I (deliberately) turned away for a minute or two, and then looked back. There he was drawing bold lines, shading, sketching, his hand going nowhere near the eraser. And there was a smile on his face.

I'd encouraged him to take a risk, to stop being fearful of consequences, and just do it. I regret not going back an hour or so later to see what he had produced.

Isn't this the way with so many of us, and our learning and our creativity? How many of us tell ourselves that we can't draw? That we are tone deaf? That we can't do maths? That we can't dance?

That's why we opted early on to state that one of our areas of strategic intent at Hornby High School was to encourage risk taking. What deliberate acts of teaching, what deliberate acts of relationship building, do teachers and schools need to foster in this regard to support greater creativity?

Creativity means different things to different people, at different times, but if we keep it front and centre (as we can when empowered by the Manaiakalani kaupapa, and the 'learn, create, share' pedagogy) learners are the winners, kura are the winners, the world is the winner. This risk taking thing is pretty powerful, eh...

Sunday, 16 April 2023

Final post as Tumuaki of Hornby High School

When I began this professional blog seven years ago I had one key purpose in mind.

It was originally meant to document our Hornby High School journey for our community to see and celebrate. Over the seven years it has taken on other purposes too. 

It has allowed me to clarify my thinking as I have written lines describing what I have done and seen, and more importantly what others have done.

It has allowed me to keep our vision (a centre of creative excellence) to the forefront for our staff team and our community. 

And it has allowed me to model something important that we expect from all of our learners (staff and students alike): the practice of reflecting and blogging, an essential piece of the 'share' component of our 'learn, create, share' pedagogy and of our participation in the Manaiakalani kaupapa. This in particular has been transformational, something that is life changing for many akonga and many communities.

The Hornby High School part of my own journey is now at an end, although I am hopeful that the Hornby Hornby High School journey towards creative excellence can and will continue.  



I am grateful that the Hornby High Board of Trustees has agreed to pass the intellectual property rights to this blog to me so that I might be allowed to continue to develop my own thinking in the place, building on this past seven years of mahi, and to share that thinking with others. Their generosity is gratefully received.

So this is my last post as Tumuaki of Hornby High School. Future posts here will be a reflection of my thinking not as Tumuaki but as a private individual.

It seemed fitting that I share this piece of my own creativity at this point in time - a poem I crafted to reflect the end of my formal time in schools, the end to a 44 year career, a career that did indeed start when chalk was the norm, when overhead projectors were the new technology challenging teachers, when quite. a few teachers still wore gowns, and when schools were so often dull dreary environments of well worn and chipped paint work.

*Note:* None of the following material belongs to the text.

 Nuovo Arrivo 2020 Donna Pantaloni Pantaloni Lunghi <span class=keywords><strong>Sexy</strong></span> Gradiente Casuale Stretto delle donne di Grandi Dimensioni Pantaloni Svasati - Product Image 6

Haere rā, e kia ora,  e hoa mā!!!!

Wednesday, 5 April 2023

Footnote to the universe

After yesterday's post, I received this poem created by Joanne C on our team, her poetical version of yesterday's blog post.

What does this say? It says everything about our organisational culture, about 'how we do things around', about who we are.

It says staff feel comfortable:

  • being creative
  • reframing what I have said
  • sharing what they are thinking with me
  • sharing what they are thinking with everyone else
  • taking risks in sharing

What an environment t work in, what ba culture to be. apart of, what an amazing group of colleagues. Our vision as 'he puna auaha a centre of creative excellence' is alive and well. It is real, it is being fed, nurtured, cultivated.  How do I know? Staff are themselves prepared to indulge their creativity and to take risks in sharing. Thanks Joanne... ka mau te wehi e hoa!!!!

Sometimes the universe joins the dots ...

Sometimes the universe connects the dots for you. Sometimes, the universe screams at you, screams the message "hey hey hey stupid.. can't you see?" Call it serendipity, call it synchronicity, call it what you like, but I've had one of those mornings.

It began with an interview with a new grad for a teaching position. I asked the interviewee what they thought were the necessary conditions for creativity to flourish. Included in the answer was the observation that creativity is a very personal thing, it comes with and from our personal responses to our world. She also talked about needing to be able to connect with our cultural identity, having and knowing that sense of self. Hardly new I know, but I needed to be reminded of that.

Then a very good colleague (Anne) popped in with a small piece of mahi. She then thanked me for sharing my poetry, and gave me a copy of a poem that she had written 30 years ago, something deeply personal. It was a very good poem. And it left me with LES ('leaky eye syndrome'). It impacted for me at a deeply emotional level, it dug down into my emotional self, that place where the spark of creativity resides.

I then had to make a short trip in the car, and on the radio they were playing Mussorgsky's 'Night on Bare Mountain'. I recalled first hearing it as a child, and then seeing the interpretation of the music that appeared in the 1940 Disney movie 'Fantasia'. The music, the memory, the mental imagery, were deep, profound, and moving. I was right back as the young child who had first experienced the music, and the movie. Strong emotional connection enhances memory and learning (perhaps more than almost anything else?)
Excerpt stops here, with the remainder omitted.